• [Exercise brief] Beginning with the line that holds "ATHENA PHONE BAG IN MOCHA" and finishing with the line that holds "Jupe mi-longue coupe droite noir SALSA femme", repeat the listing exactly, leaving every picture out.

• [Data excerpts]
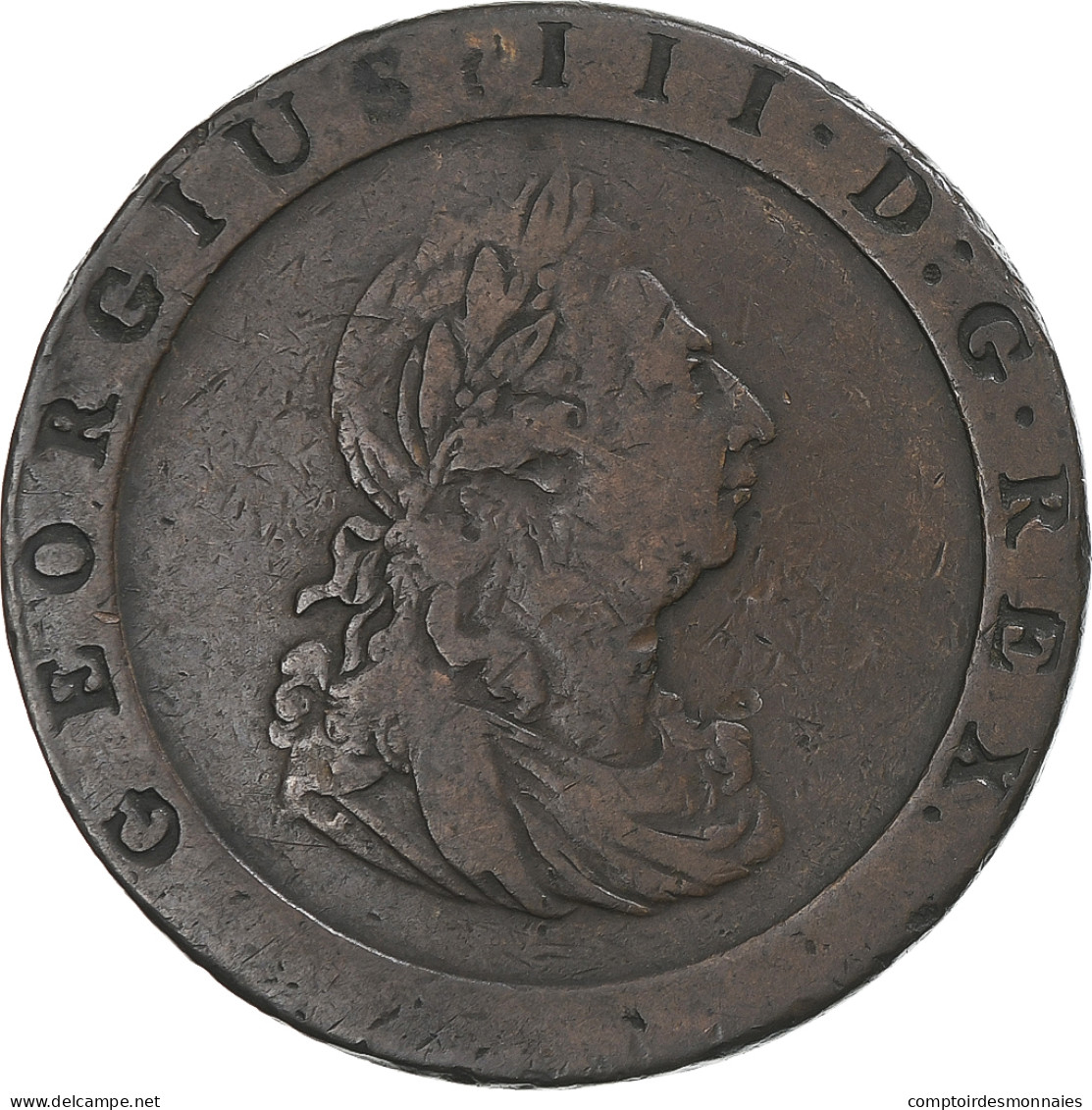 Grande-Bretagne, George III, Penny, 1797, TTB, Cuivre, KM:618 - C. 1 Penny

==

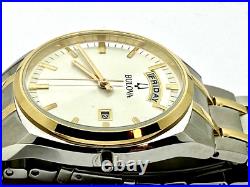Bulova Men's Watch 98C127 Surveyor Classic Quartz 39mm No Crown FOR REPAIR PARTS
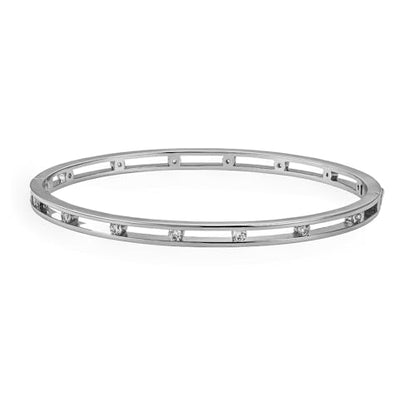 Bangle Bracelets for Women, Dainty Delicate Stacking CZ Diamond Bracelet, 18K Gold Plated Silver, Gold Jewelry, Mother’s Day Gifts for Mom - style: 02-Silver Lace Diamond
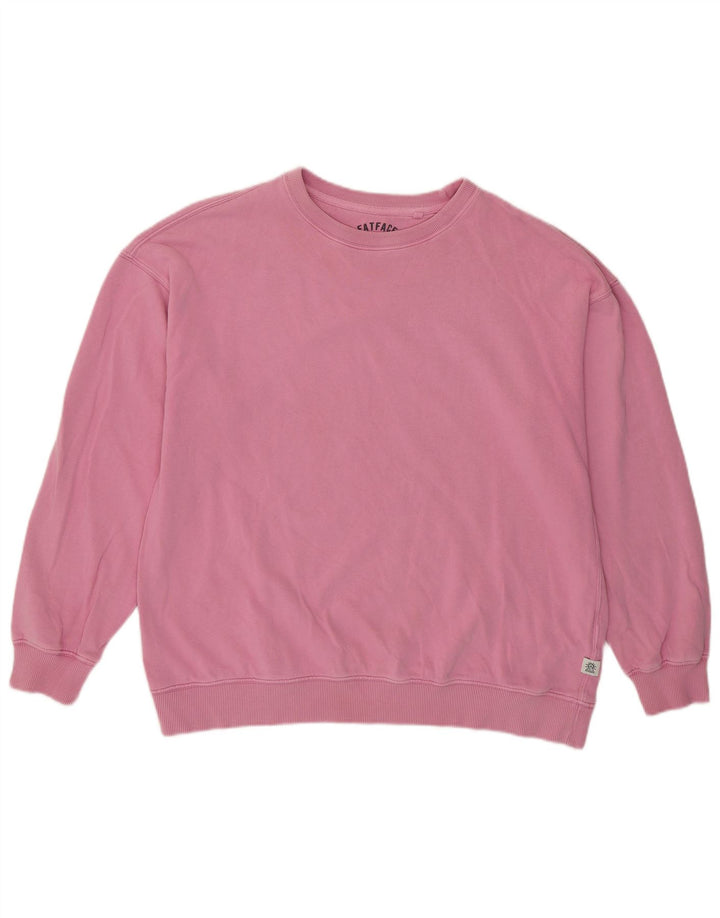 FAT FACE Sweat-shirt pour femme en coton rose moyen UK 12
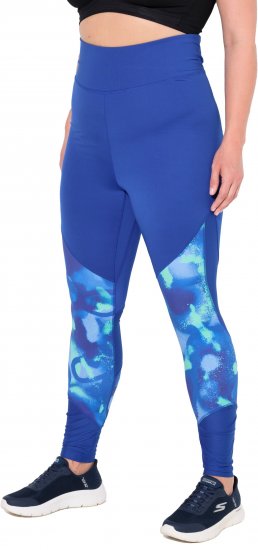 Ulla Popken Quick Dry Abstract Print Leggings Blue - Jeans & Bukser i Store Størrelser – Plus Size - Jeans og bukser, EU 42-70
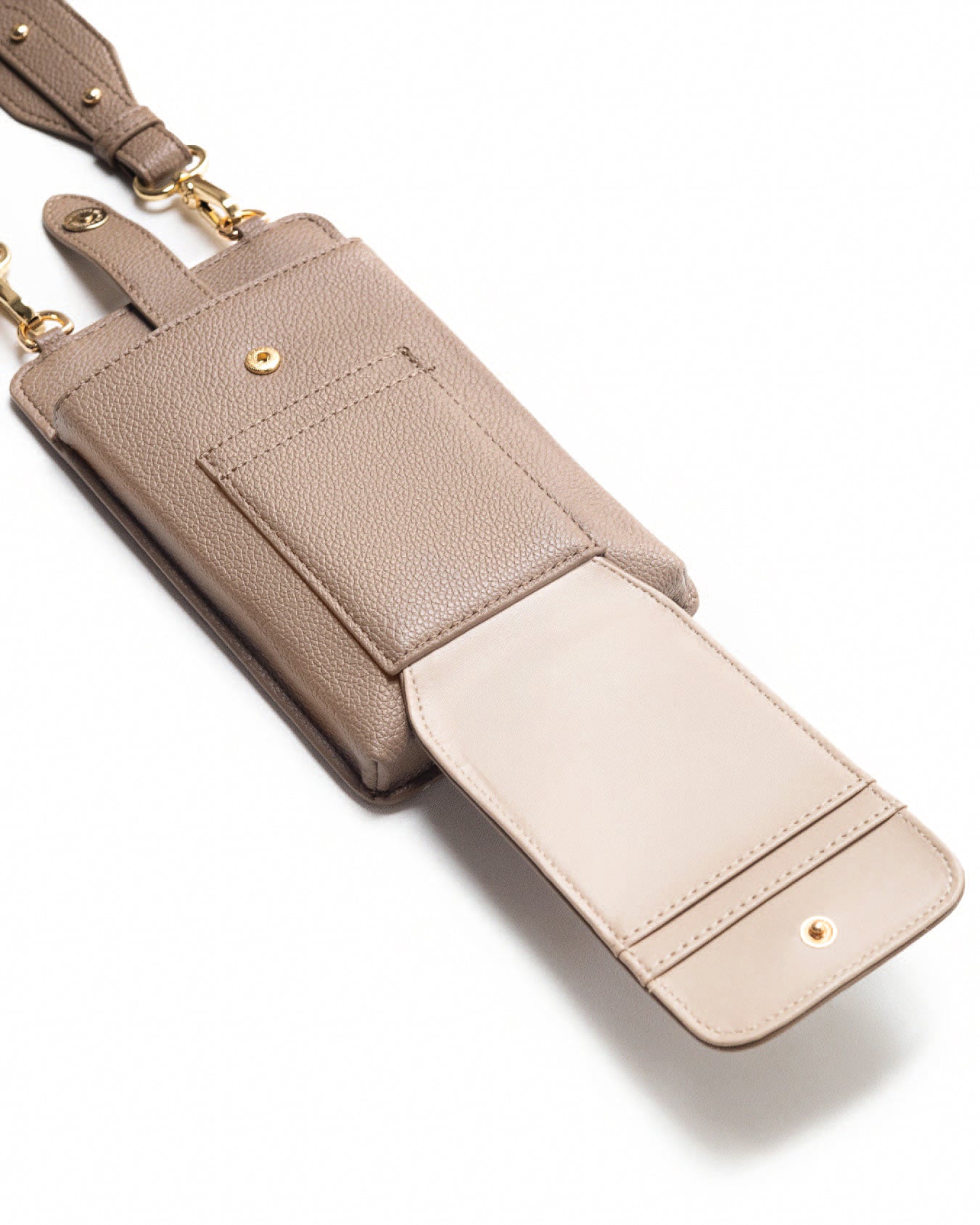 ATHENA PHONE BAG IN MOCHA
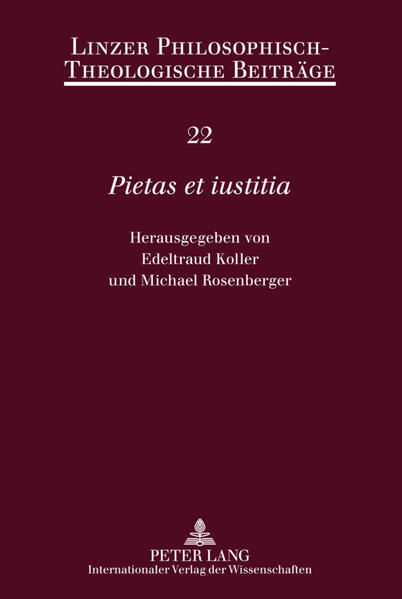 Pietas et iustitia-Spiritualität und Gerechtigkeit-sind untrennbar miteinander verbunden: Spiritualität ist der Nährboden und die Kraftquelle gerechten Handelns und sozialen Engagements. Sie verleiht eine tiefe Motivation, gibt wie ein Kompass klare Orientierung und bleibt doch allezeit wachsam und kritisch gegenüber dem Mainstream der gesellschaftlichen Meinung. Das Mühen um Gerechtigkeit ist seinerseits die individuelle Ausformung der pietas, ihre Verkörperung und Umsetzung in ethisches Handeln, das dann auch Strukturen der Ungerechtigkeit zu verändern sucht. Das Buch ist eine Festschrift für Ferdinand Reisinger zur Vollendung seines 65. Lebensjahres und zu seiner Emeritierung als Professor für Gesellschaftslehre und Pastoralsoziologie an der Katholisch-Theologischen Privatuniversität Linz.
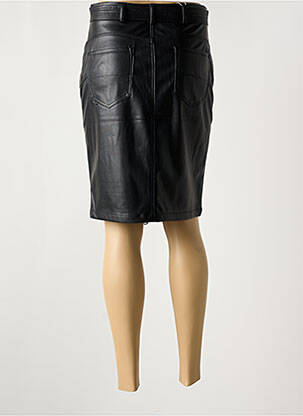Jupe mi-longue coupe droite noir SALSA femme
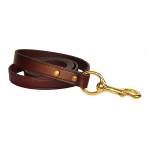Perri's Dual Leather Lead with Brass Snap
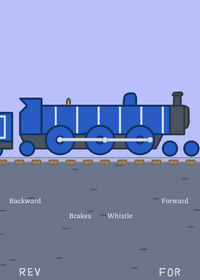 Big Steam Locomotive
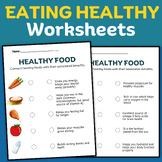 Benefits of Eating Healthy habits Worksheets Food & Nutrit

• [Answer to the problem]
 ATHENA PHONE BAG IN MOCHA
 Pietas et iustitia-Spiritualität und Gerechtigkeit-sind untrennbar miteinander verbunden: Spiritualität ist der Nährboden und die Kraftquelle gerechten Handelns und sozialen Engagements. Sie verleiht eine tiefe Motivation, gibt wie ein Kompass klare Orientierung und bleibt doch allezeit wachsam und kritisch gegenüber dem Mainstream der gesellschaftlichen Meinung. Das Mühen um Gerechtigkeit ist seinerseits die individuelle Ausformung der pietas, ihre Verkörperung und Umsetzung in ethisches Handeln, das dann auch Strukturen der Ungerechtigkeit zu verändern sucht. Das Buch ist eine Festschrift für Ferdinand Reisinger zur Vollendung seines 65. Lebensjahres und zu seiner Emeritierung als Professor für Gesellschaftslehre und Pastoralsoziologie an der Katholisch-Theologischen Privatuniversität Linz.
Jupe mi-longue coupe droite noir SALSA femme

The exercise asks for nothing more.